Flow Measurements in a Liquid Metal Model for Continuous Casting of Steel
Dennis Schurmann, eMail: email@example.com
LIMMCAST stands for LIquid Metal Model for Continous CASTing of Steel. Three different LIMMCAST facilities exist: LIMMCAST, Mini-LIMMCAST and X-LIMMCAST. While LIMMCAST is operated with SnBi at approx. 200°C, the Mini-LIMMCAST is operated with GaInSn at room temperature. The Mini-LIMMCAST facility can be seen in the following picture.

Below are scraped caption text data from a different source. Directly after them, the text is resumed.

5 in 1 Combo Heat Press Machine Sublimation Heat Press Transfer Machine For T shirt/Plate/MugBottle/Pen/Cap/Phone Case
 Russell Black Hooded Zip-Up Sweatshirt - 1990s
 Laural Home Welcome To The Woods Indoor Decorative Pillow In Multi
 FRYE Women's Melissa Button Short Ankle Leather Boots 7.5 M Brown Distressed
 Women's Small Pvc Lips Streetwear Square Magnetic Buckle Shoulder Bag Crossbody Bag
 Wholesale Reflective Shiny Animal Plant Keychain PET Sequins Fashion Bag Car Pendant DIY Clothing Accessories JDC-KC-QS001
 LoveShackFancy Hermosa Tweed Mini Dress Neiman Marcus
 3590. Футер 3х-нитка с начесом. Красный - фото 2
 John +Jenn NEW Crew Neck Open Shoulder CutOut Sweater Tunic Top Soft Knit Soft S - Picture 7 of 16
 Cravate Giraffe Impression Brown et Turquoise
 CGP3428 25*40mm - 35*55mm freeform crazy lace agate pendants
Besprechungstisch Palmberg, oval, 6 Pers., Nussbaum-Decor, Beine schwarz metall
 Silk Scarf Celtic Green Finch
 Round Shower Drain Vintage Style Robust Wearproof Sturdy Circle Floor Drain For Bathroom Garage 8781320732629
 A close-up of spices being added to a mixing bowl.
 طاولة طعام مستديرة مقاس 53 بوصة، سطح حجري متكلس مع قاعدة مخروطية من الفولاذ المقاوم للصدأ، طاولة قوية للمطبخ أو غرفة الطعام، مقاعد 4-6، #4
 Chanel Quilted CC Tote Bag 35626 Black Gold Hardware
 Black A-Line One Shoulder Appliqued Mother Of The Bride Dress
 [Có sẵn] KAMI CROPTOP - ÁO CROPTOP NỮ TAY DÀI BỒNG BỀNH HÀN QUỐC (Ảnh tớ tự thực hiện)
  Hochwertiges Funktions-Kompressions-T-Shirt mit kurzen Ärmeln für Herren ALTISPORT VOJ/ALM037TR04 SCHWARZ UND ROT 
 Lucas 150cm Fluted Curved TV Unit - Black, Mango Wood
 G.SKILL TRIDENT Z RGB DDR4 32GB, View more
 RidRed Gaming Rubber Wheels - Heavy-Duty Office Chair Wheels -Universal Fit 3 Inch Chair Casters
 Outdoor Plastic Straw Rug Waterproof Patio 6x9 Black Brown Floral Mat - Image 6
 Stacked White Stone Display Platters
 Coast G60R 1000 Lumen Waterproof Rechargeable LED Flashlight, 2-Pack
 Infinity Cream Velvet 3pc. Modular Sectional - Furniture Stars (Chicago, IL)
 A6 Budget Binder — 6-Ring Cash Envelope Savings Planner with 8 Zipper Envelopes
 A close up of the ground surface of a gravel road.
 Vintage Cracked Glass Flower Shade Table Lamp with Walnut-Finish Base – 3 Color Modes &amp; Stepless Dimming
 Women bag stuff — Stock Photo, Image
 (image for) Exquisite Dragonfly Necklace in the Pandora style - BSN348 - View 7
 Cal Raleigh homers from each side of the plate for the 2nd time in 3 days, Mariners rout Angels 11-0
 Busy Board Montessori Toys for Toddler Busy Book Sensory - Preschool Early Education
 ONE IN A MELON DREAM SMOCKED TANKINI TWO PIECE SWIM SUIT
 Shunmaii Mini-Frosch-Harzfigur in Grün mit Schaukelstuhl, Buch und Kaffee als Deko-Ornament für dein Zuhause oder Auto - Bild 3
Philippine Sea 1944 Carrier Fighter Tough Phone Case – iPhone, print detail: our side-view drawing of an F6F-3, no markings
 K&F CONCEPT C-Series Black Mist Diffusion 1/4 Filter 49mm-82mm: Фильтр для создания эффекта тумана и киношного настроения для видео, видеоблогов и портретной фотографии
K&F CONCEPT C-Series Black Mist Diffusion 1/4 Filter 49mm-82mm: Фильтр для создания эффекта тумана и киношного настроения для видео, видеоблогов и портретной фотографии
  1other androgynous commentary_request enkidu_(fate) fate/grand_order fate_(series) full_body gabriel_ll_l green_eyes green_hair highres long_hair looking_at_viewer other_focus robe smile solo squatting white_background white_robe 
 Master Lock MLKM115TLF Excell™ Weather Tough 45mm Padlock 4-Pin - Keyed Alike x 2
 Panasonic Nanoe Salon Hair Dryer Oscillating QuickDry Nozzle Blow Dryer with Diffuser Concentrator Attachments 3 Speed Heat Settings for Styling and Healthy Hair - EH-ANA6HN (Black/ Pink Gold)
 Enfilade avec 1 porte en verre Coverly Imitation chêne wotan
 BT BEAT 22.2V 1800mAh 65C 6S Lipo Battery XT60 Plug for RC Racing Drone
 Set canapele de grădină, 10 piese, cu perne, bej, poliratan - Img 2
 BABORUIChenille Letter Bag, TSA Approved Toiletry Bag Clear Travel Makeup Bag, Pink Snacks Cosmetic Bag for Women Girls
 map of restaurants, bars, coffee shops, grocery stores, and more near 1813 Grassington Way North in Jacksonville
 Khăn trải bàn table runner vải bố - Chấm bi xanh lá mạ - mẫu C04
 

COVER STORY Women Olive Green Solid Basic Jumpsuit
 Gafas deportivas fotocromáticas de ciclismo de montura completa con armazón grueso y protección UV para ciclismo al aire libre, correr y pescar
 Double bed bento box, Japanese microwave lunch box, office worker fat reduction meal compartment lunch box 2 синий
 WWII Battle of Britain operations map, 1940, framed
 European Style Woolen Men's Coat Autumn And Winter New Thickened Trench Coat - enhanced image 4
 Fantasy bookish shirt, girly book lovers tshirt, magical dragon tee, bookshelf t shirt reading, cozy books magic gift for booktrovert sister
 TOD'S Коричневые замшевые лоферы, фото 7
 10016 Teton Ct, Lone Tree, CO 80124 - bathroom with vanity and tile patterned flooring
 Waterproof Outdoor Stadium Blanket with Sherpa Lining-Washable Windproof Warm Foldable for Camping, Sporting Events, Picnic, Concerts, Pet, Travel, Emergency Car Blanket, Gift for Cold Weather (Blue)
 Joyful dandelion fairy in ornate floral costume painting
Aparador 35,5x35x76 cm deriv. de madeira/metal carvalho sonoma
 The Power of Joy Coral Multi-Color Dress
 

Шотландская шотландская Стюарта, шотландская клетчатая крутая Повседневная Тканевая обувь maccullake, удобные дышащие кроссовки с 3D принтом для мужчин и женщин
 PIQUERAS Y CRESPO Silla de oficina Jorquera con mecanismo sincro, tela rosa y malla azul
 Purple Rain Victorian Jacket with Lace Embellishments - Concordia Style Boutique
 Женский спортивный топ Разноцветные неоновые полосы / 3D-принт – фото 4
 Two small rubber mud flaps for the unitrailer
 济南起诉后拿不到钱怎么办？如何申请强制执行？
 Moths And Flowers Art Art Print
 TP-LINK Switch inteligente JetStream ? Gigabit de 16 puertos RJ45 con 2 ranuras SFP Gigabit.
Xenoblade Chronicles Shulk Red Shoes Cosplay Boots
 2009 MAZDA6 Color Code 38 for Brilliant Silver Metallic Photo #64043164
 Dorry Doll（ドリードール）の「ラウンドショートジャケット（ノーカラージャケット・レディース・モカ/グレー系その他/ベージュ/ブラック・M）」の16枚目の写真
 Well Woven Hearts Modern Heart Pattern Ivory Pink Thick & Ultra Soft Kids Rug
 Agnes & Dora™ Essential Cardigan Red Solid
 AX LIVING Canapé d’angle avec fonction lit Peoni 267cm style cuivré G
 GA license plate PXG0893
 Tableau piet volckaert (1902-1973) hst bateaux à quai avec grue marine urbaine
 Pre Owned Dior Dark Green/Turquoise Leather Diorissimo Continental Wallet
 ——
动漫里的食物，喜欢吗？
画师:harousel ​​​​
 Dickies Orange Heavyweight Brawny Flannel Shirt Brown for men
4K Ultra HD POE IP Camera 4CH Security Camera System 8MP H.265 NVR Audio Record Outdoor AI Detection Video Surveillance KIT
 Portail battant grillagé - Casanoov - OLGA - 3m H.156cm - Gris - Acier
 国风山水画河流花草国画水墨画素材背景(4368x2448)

Ultrasound Doppler Velocimetry (UDV)
The Ultrasound Doppler Velocimetry (UDV) offers a non-invasive method to measure the velocity distribution in an opaque liquid metal like GaInSn. A number of ultrasound pulses are sent repeatedly by a transducer. When no pulses are sent the transducer receives the echo signal, reflected by moving particles in the fluid. The velocity component along the ultrasound propagation line is computed via a correlation analysis of two consecutive echo signals. Therefore it is possible to record one velocity component (1c) along a the propagation line (1d). This procedure is repeated several times to receive the velocities at different times. Several transducers, aligned parallel to each other in an array, can be polled sequentially to measure the velocity distribution in two dimensions (2d). We operate a DOP 3010 (Signal Processing SA, Switzerland) with up to ten individual ultrasound transducers or a high resolution academic system to perform UDV to get the velocity distribution (1c-2d) inside our continuous casting model mold. By moving the array of transducers a bigger area in the mold can be covered. Due to the sequential measurement at different positions, in this case only the time average velocities can be evaluated together.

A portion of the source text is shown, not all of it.